Add support for scraping from --list ID

2025-04-11 02:40:36 +01:00
parent c7715ae291
commit 6db32bbd20
3 changed files with 34 additions and 0 deletions
--- a/README.md
+++ b/README.md
@@ -103,6 +103,12 @@ options:                description
                            -ht javascript
                            --hashtag=javascript

+-l, --list              : List ID. Scrape tweets from a list. The
+                          ID is taken from the x.com/list/... URL.
+                          e.g.
+                           -l "1324132413151"
+                           --list "1324132413151"
+
 -q, --query             : Twitter query or search.

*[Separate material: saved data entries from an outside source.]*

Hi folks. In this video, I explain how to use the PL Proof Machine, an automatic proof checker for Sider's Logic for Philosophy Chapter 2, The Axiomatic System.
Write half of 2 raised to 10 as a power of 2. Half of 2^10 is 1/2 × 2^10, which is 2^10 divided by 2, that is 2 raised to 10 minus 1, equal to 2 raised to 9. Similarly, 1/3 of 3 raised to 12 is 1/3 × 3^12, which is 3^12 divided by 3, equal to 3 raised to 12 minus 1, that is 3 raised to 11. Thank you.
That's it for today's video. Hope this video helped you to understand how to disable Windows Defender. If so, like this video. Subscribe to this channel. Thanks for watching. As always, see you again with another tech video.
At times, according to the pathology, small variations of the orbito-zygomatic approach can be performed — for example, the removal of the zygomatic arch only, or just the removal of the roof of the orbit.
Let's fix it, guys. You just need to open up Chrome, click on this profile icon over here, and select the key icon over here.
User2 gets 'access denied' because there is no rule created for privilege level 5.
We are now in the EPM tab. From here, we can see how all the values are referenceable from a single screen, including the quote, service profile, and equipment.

                          Scrape tweets from a query or search.
                          e.g.
--- a/scraper/main.py
+++ b/scraper/main.py
@@ -93,6 +93,14 @@ def main():
            help="Set no limit to the number of tweets to scrape (will scrap until no more tweets are available).",
        )

+        parser.add_argument(
+            "-l",
+            "--list",
+            type=str,
+            default=None,
+            help="List ID. Scrape tweets from a list.",
+        )
+
        parser.add_argument(
            "-q",
            "--query",
@@ -145,6 +153,8 @@ def main():
            tweet_type_args.append(args.username)

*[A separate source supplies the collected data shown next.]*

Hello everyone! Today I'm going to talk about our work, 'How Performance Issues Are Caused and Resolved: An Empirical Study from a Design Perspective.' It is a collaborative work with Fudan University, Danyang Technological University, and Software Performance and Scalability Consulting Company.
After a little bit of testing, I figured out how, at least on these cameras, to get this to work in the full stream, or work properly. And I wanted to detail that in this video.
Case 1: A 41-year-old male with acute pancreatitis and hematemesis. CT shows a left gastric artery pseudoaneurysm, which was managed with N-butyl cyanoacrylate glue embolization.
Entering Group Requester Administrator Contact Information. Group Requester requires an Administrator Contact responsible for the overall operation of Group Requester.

        if args.hashtag is not None:
            tweet_type_args.append(args.hashtag)
+        if args.list is not None:
+            tweet_type_args.append(args.list)

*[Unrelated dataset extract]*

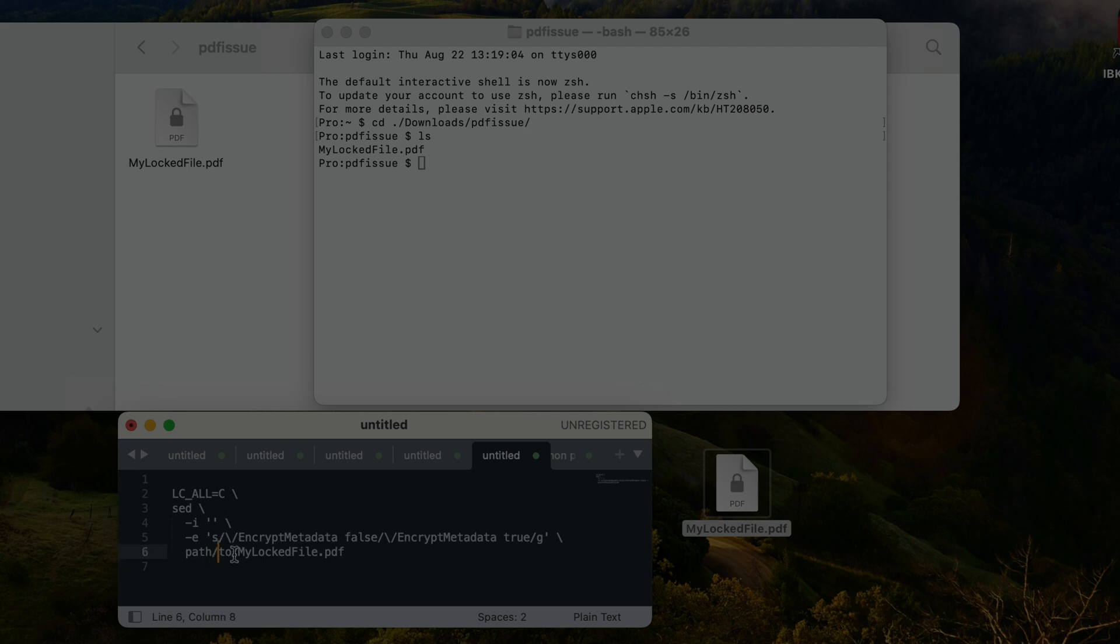We're going to first make a small adjustment here on the last line where you see the path to my PDF file. We're going to shorten this line here to the file name of our corrupted or password protected PDF document.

        if args.query is not None:
            tweet_type_args.append(args.query)
        if args.bookmarks is not False:
@@ -175,6 +185,7 @@ def main():
                scrape_hashtag=args.hashtag,
                scrape_bookmarks=args.bookmarks,
                scrape_query=args.query,
+                scrape_list=args.list,
                scrape_latest=args.latest,
                scrape_top=args.top,
                scrape_poster_details="pd" in additional_data,
--- a/scraper/twitter_scraper.py
+++ b/scraper/twitter_scraper.py
@@ -90,6 +90,7 @@ class Twitter_Scraper:
        scrape_hashtag=None,
        scrape_bookmarks=False,
        scrape_query=None,
+        scrape_list=None,
        scrape_latest=True,
        scrape_top=False,
        scrape_poster_details=False,
@@ -107,6 +108,7 @@ class Twitter_Scraper:
            else None,
            "bookmarks": scrape_bookmarks,
            "query": scrape_query,
+            "list": scrape_list,
            "tab": "Latest" if scrape_latest else "Top" if scrape_top else "Latest",
            "poster_details": scrape_poster_details,
        }
@@ -125,6 +127,9 @@ class Twitter_Scraper:
        elif scrape_query is not None:
            self.scraper_details["type"] = "Query"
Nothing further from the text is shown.